具体的に何に苦労したか、というと、このチケットはその前のリバプール戦とこの後のウィガン戦との3戦バンドル・チケットとして販売が開始され、比較的長い間、単品での販売はなかったのです。たまたま日程の組み合わせが悪かっただけです。誰の目にも明らかなように、この試合に対して販売制限をかける理由は全くなく、この前後の両試合の方に制限をかけるために、間に挟まってしまったこの試合が使われたという次第でした。
ウィガンもそうなのですが、ボルトンで近場に当たるチームの試合のホーム・スタンドのチケットを購入する時には必ず制限がかかります。近場と言うのは、マンチェスターの2チームとリバプールの2チーム、加えてブラックバーンとウィガンの6チームです。ウィガンの場合も全く同じチームです(言うまでもなく、ウィガンの代わりにボルトンが入ります)。
何故かと言うと、近場のチームだとアウェイ・スタンドが満員になることが多く、アウェイ・サポーターが勝って知ったるなんとかで、平気でホームのチケットを買ってはいってしまう人があまりにも多かったので問題になったのでしょう。
そのような次第で、近場のチームとの試合のチケットは、このようにバンドルとして発売されるか、以前に別のチームの試合の購入履歴があるファンに限定して発売するか、その両方の制限がかかるか、という感じで売られます。私がウィガン対マンチェスターシティのチケットを購入できたのは、2年前にウィガン対ハル・シティのチケット購入履歴があったためでした。それがなければチケットは買えませんでした。
で、ボルトンの方は、相手がアーセナルなのでその制限はないのですが、バンドル販売が続いたためなかなか購入できないまま出発の日が近付いたわけでした。
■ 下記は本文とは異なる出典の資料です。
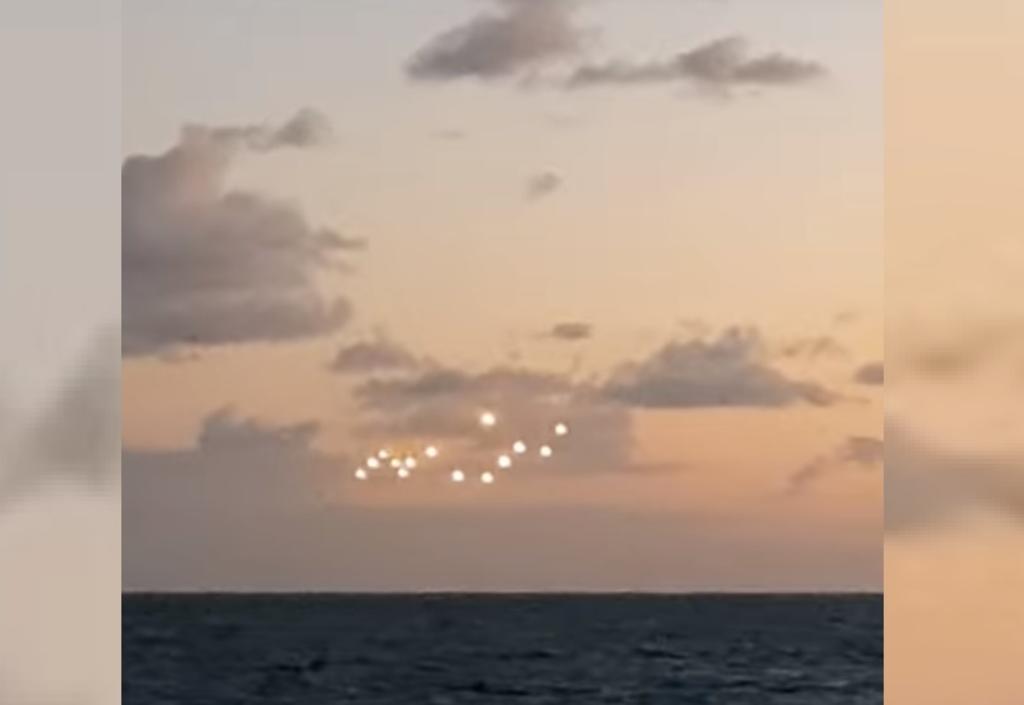 Captan 14 luces brillantes en el cielo sobre el océano Atlántico. Noticias en tiempo real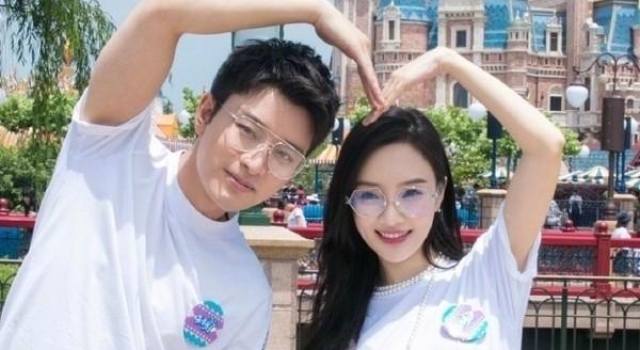 李小璐被爆帮女儿改名 带甜馨游故宫 开口喊“贾甜馨”破传闻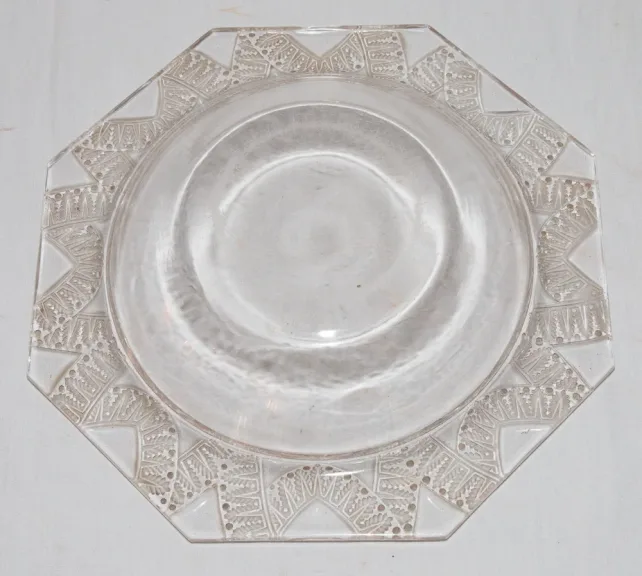 ЛАКИКОВЫЙ КРИСТАЛЛ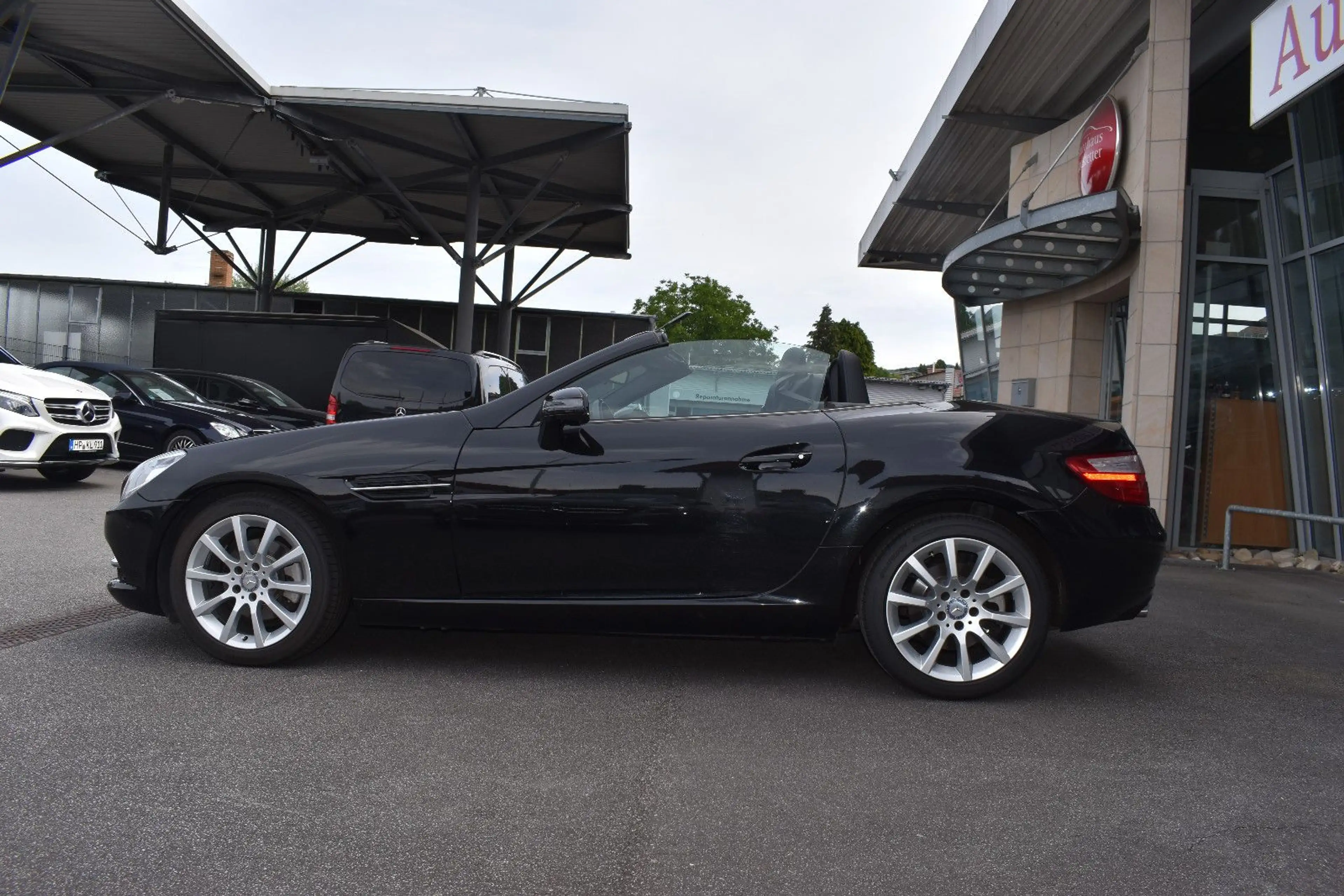 Mercedes-Benz SLK 200 Roadster *Airscarf*PDC*Leder*Navi* — photo 8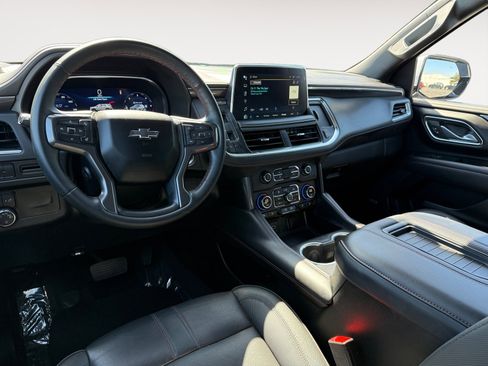 Used 2024 Chevrolet Suburban RST w/ Luxury Package image 15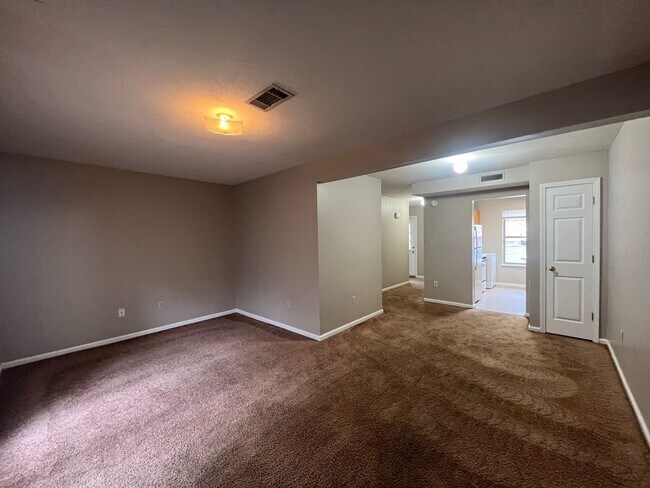 Building Photo - University Place 1- Charming Townhouse Apartment
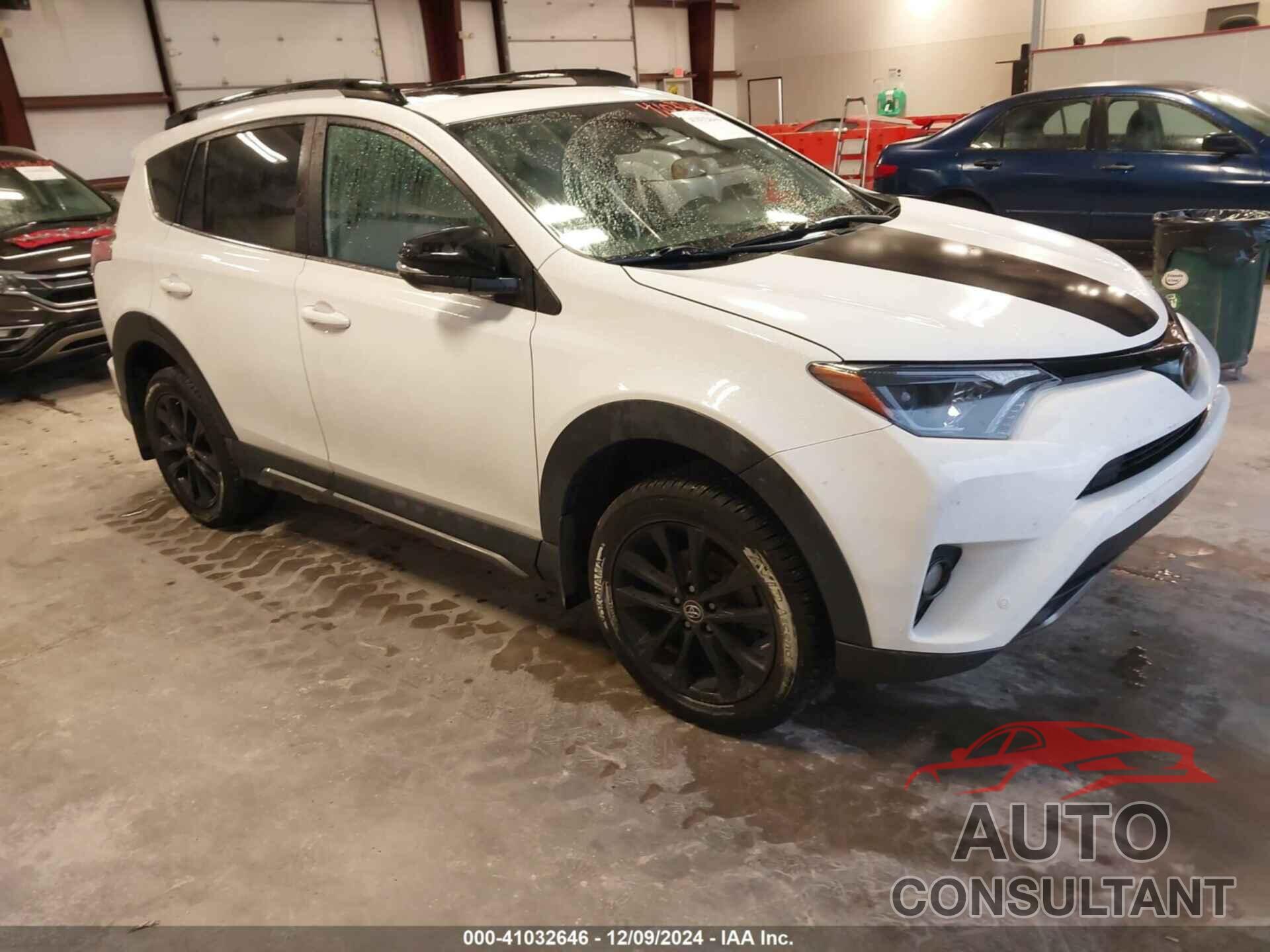 TOYOTA RAV4 2018 - 2T3RFREVXJW819514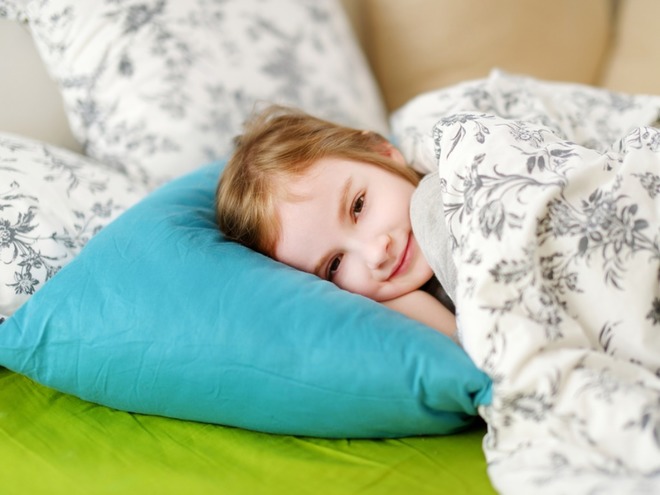 Почему ребенок скрипит зубами во сне - лечение, советы комаровского | во сне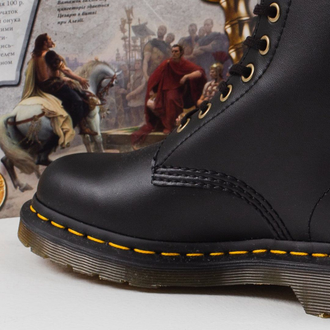 Ботинки Dr Martens VINTAGE BLACK QUILON черные женские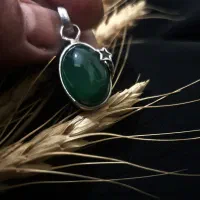 پلاک نقره عیار ۹۲۵ با سنگ عقیق سبز|جواهرات|کرمانشاه, |دیوار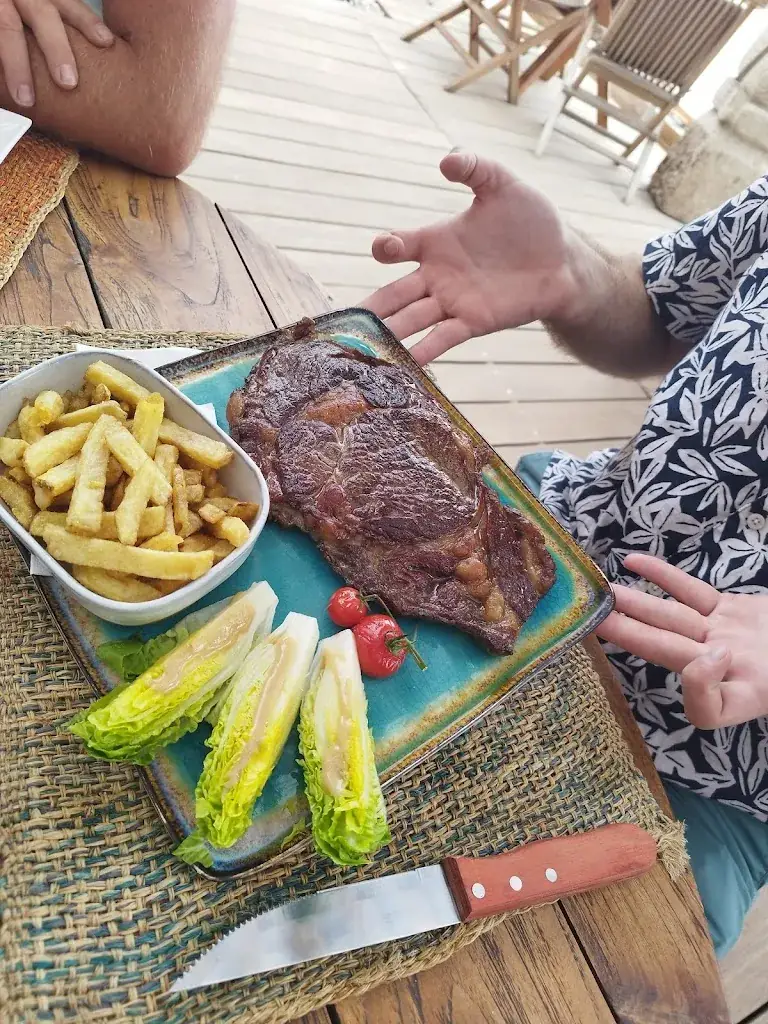 Menu_Boho beach Cavalaire_Cavalaire-sur-Mer_image_9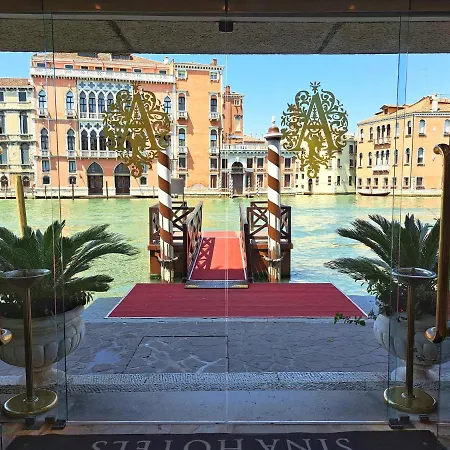 시나 팔라초 산탄젤로 4*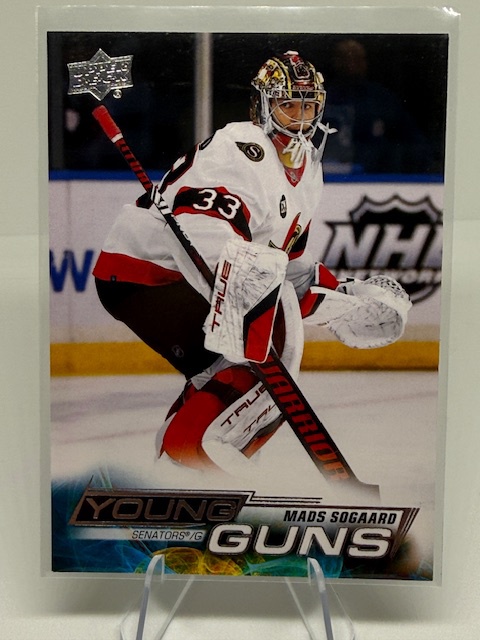 2022-23 Upper Deck Mads Sogaard #245 RC front
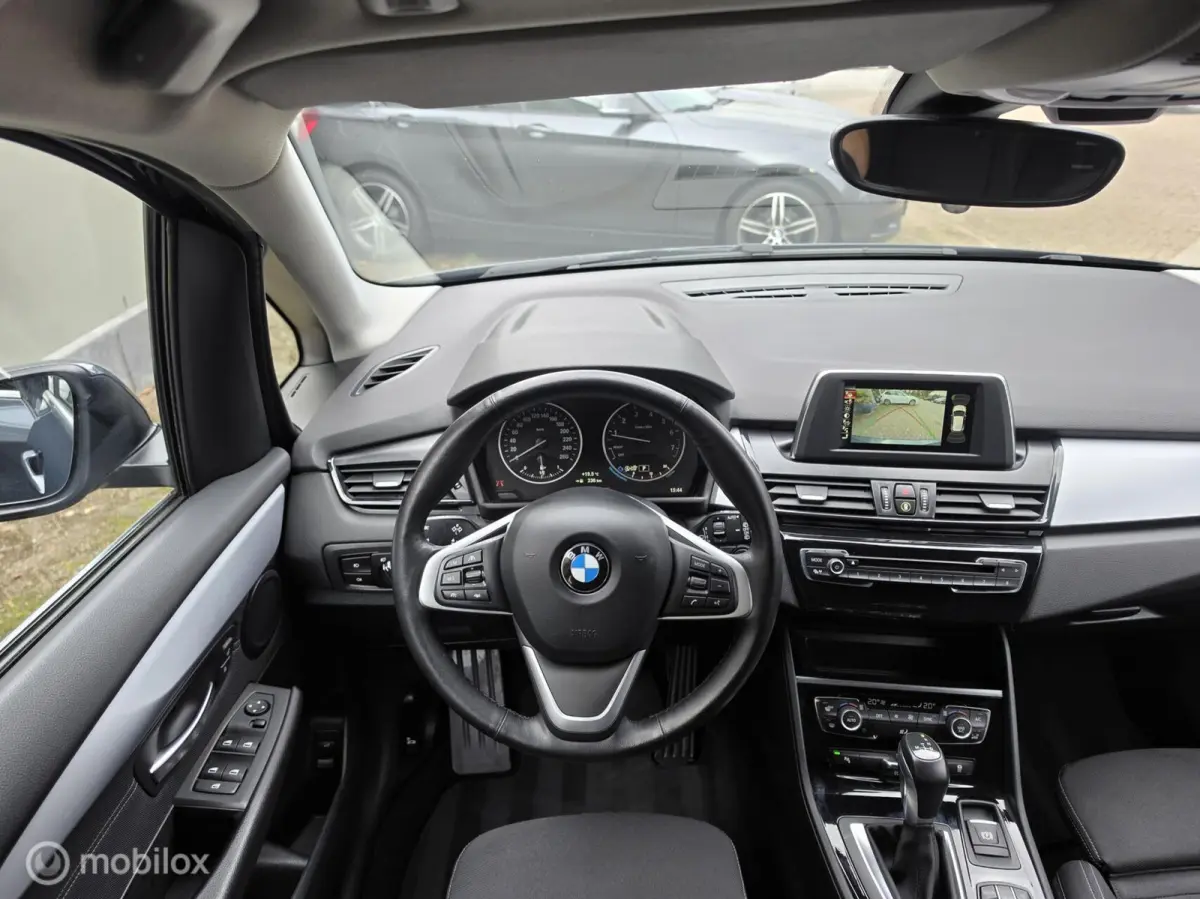 218i Executive Navi/Led/Trekhaak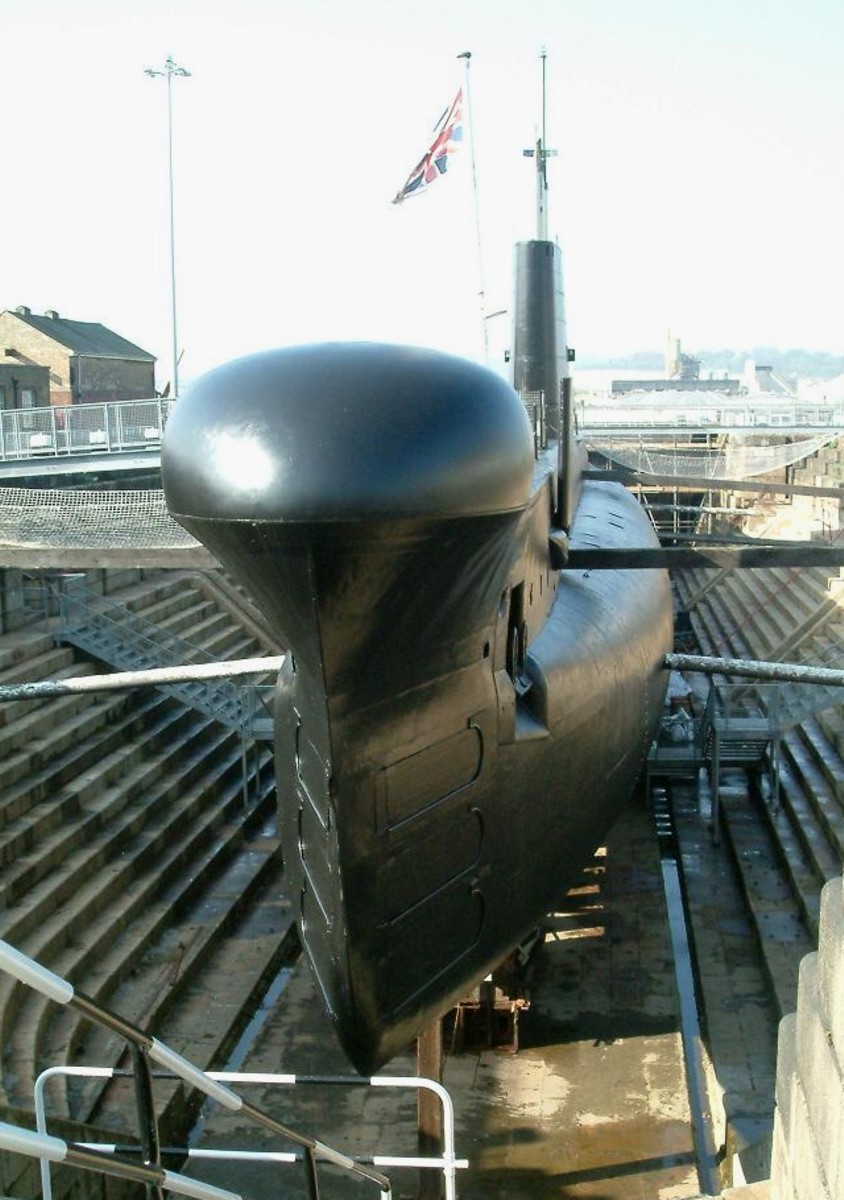 s17 hms ocelot oberon class attack patrol submarine ssk royal navy 09 chatham dockyard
ともあれ、めでたくチケットを入手してみて驚いたことがありました。なんと、チケット受取オプションの中に「自分で印刷する」というのもあったのです。それを選んだところ、別便のメールでpdfファイルが送られてきて、それを印刷して持参しただけで入場できました。仕組みを知ってみると、最も手軽なチケット・システムだということが分かりました。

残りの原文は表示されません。